The Continuation of Humble Elegance

Henry James (1910), “You first discovered yourself in England, just as I first did myself.”

In the days before everything was organic, authentic and artisanal; when experience was lived by default; gaslighting involved illumination; ghosting had a supernatural connotation; deep dive involved water; extra referred to additionality; mankind included women; bad actors were thespians who weren’t good at their job; there was Caesar, Greek and Niçoise but no word salad; only trains were cancelled; and catfish was just an animal, hero projects were all about winning battles.

Let the poor eat carrot cake. Such a relief the architect Benjamin Dean Wyatt didn’t get to “out Blenheim Blenheim” with his dream of a palace of ceremonial pomp and circumstance. The 1st Duke of Wellington had a rather better idea after for the estate he bought in 1817, two years after his Battle of Waterloo victory. Keep the old house and add on a couple of bedrooms above the orangery wings. So in the end Benjamin only got to see his design for a porch realised – albeit a rather smart Greek Doric one. Ever inventive, in 1831 the Duke added secondary glazing, central heating and WCs to the existing house (the latter naturally lit by tiny single pane casement windows like the type you get in 20th century Berlin flats). Stratfield Saye House is large by most people’s standards but it’s not ducal in style or scale. Fit for a baron and all the better for it. Tate Britain has Tracey Emin’s installation My Bed. Stratfield Saye has the Great Duke of Wellington’s Campaign Bed.

Mark Girouard comments in Historic Houses of Britain (1984), “One can see why Wellington developed an affection for Stratfield Saye. It is certainly not a stately home but it has a great deal of character and charm. It was originally a long, low, red brick house, built in about 1650 by Sir William Pitt, James I’s comptroller, and decorated with the so called Flemish gables (with curved sides and pedimented tops) which were in fashion at the time.
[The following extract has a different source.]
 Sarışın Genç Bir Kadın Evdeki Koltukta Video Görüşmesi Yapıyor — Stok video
Two matching stable blocks front the house and give it a forecourt and a pleasant air of formality.”

An elephant used to mow the lawn. The stables are now apartments, an archives office and a museum to the 1st Duke. There are a few false windows on the entrance front. The external walls were once painted buff and the window surrounds green. And so they remain. Clocks chime indoors. Apollo magazines sit on chests in the Entrance Hall. That room is the volume of a five bay three storey house. Well stocked drinks trolleys are in the corridors. Country Life magazines sit on chests in the Library. When you’ve finished browsing the back issues there are 3,000 books to read. The silk wallcovering dates from 1953. A jib door in the Study with its Chippendale desk and replica of the chair on which the 1st Duke died in Walmer Castle in Kent leads through to a private suite of a bedroom and spa bathroom.

The centrepiece of the museum is the 1st Duke’s catafalque made of bronze cast from melted down French cannon captured at Waterloo. It was designed and constructed in just 18 days by the wonderfully named Department of Practical Arts. The height of the car was limited to 5.2 metres to pass under Temple Bar on its procession through central London. It was drawn by twelve black dray horses leaving Horse Guards at 9.25am on 18 November 1852 and arriving in the yard of St Paul’s Cathedral at noon.
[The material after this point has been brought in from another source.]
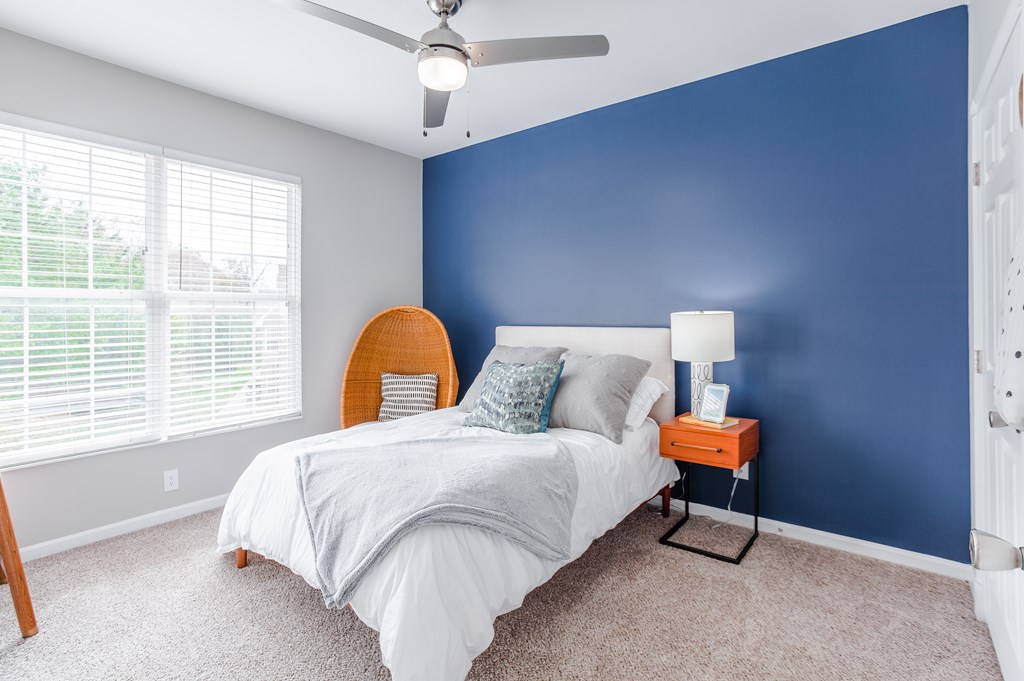 A bedroom with a bed, a ceiling fan, and a window with blinds.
The Illustrated London News reported at the time, “The eight cavalry bands, too, being in motion along the Mall, contributed their notes of measured grief. The ‘trumpet’s silver sound’ still discoursed Handel’s music, and the ear found a new beauty in every accidental combination by which the breeze or the distance imparted novelty to the effect. The soldiers having filed off, the Kings-at-Arms, in their gorgeous tabards, marshalled the mourning coaches in their due order of precedence.”

The 8th Duke inserted a swimming pool into the Orangery off the Library. Logs are piled up in the chimneypieces of the main rooms: the Wellesley family might call in at any moment. The wine box in the Dining room holds 250 bottles. The 7th Duke designed the Gold Room carpet which was made in 1946. Once the Housekeeper’s Room, the Breakfast Room is filled with 60 place china including arsenic blue Meisen. In Mrs Arbuthnot’s Bedroom upstairs there are two corner cabinets. One is a wardrobe, the other a WC. There’s a freestanding roll top bath in the bedroom. Someone has been using Ren shampoo. And reading Nancy Lancaster: Her Life, Work, Her Art (1996) by Robert Becker. The Print Room was created by the current Duke and Duchess using Boydell prints found in the attics.

John Cornforth writes about the 7th Duke in The Inspiraton of the Past (1985), “Lord Gerald Wellesley, one of the most interesting figures of his generation, who explained in his Collected Works (1970) that he had always wanted to be an architect, but his parents had considered it a hazardous and uncertain career for a younger son who had his own way to make; and it was only after World War I that he was able to fulfil his ambition. By nature a scholar and possessing a finely tuned, fastidious taste, he became involved in many projects relating to the improvement of the arts of design, public taste and later preservation, particularly of country houses, and through his friendships and his houses he had an influence on a considerable number of people. Indeed Mrs Lancaster says that he and Lady Juliet Duff were the people in England who understood the arrangement of furniture and works of art best.”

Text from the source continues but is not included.